Return to The Crime Lab
Why is a course in Forensics a valuable offering for Staples High School? One could easily answer that it is a course that is in demand, having been requested numerous times by students at Staples prior to its inception. While that is very true, there is more to it than that.
There is a certain irony to the fact that a large number of Americans misunderstand, and often mistrust, science, yet they are fascinated with forensics (as seen by the success of the CSI franchise). Science, however, is the cornerstone of forensics; it allows the forensic scientist to eliminate what is irrelevant, and to correctly interpret what is relevant. Science is basically what will decide (through its influence on a jury) that a guilty person goes to prison, and an innocent person will go free.
In a world with a rising concern over crime levels (despite the fact that crime rates are declining), it is important that our students appreciate the role that forensics plays in modern criminal court cases. As American citizens, our students will be called upon to fulfill their civic duty as jurors. It is therefore crucial that our students be informed as to the nature of criminal investigations, and their role in the courts.

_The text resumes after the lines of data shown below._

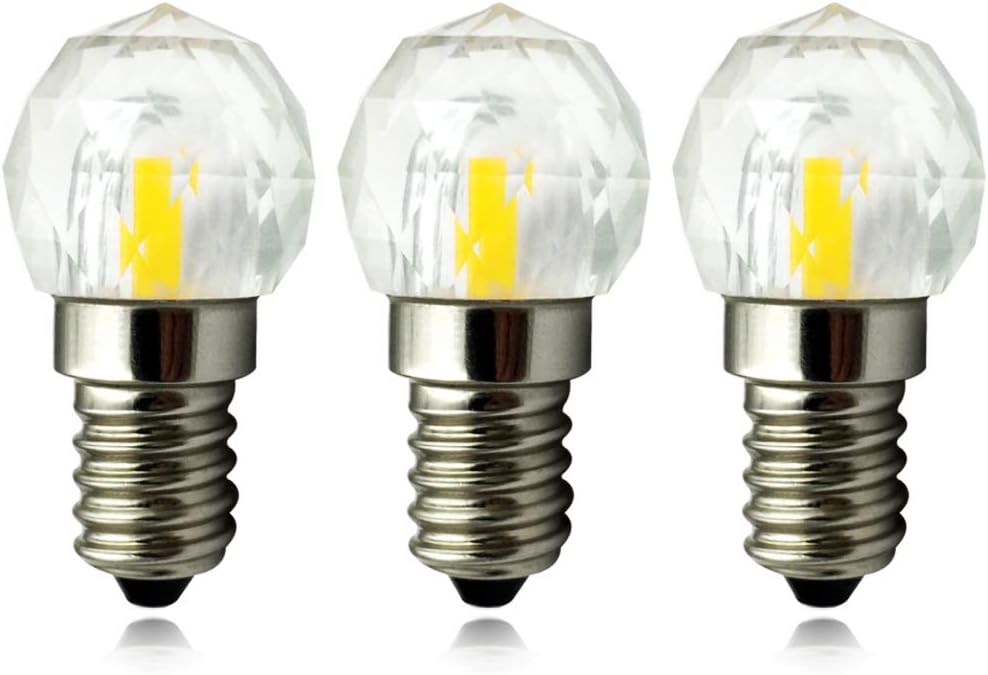2W E12 Mini Globe Crystal LED Light Bulb Dimmable COB Bulbs 20W Incandescent Equivalent Daylight White 6000K E12 Candelabra Base 300LM for Desk Lamps Ceiling Fan Chandelier Home Lighting, 3 Pack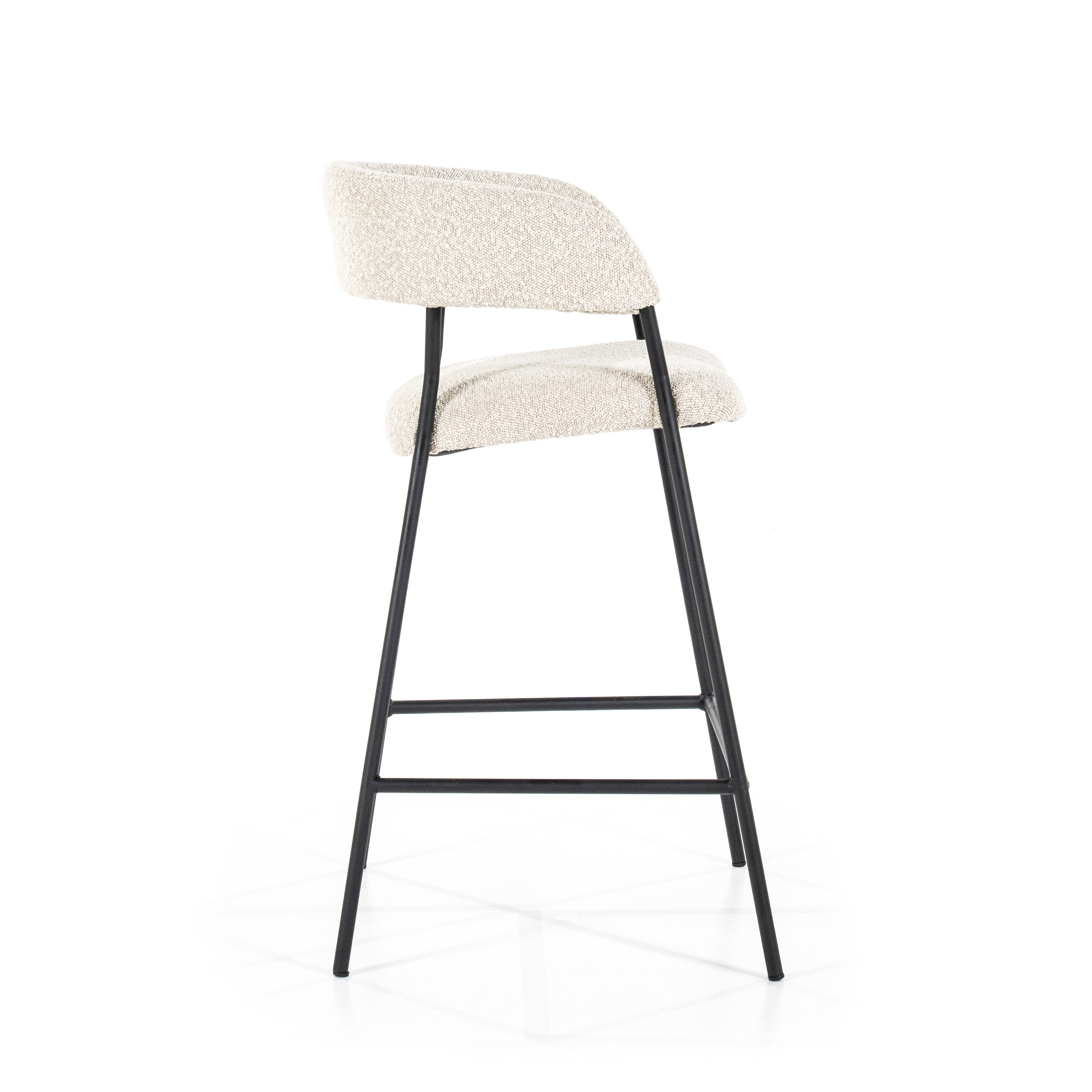 Hocker LUKA beige met zwarte basis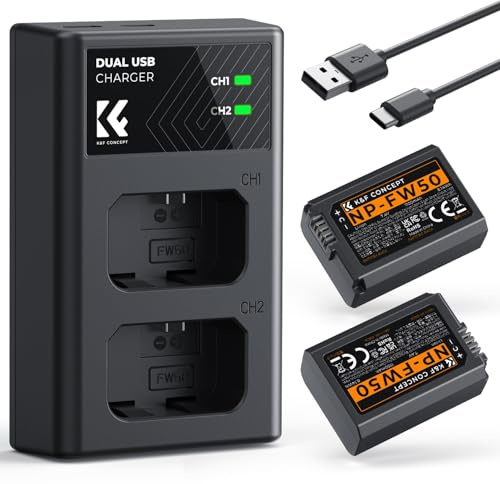 K&F CONCEPT NP-FW50 Kameraakku Ladegerät, 1100mAh Batterie 2 Pack Ladeset für Sony ZV-E10 A6000, A6500, A6300, A6400, A7, A7II, A7RII, A7SII, A7S, A7S2, A7R, A7R2, A55, A5100, A5000,A3000, A55,RX10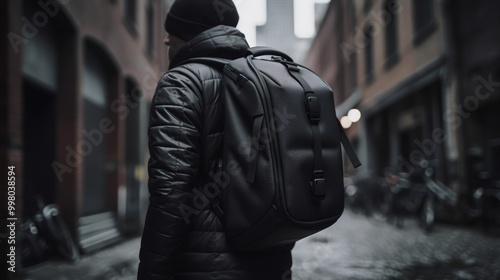 A person in a dark jacket carrying a sleek backpack in an alley.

There is perhaps no other quote that better sums up the importance of forensics that that of Professor Edmond Locard, who is the father of Locard's Exchange Principle:
"Wherever he steps, whatever he touches, whatever he leaves, even unconsciously, will serve as a silent witness against him. Not only his fingerprints or his footprints, but his hair, the fibers from his clothes, the glass he breaks, the tool mark he leaves, the paint he scratches, the blood or semen he deposits or collects. All of these and more, bear mute witness against him. This is evidence that does not forget. It is not confused by the excitement of the moment. It is not absent because human witnesses are. It is factual evidence. Physical evidence cannot be wrong, it cannot perjure itself, it cannot be wholly absent. Only human failure to find it, study and understand it, can diminish its value."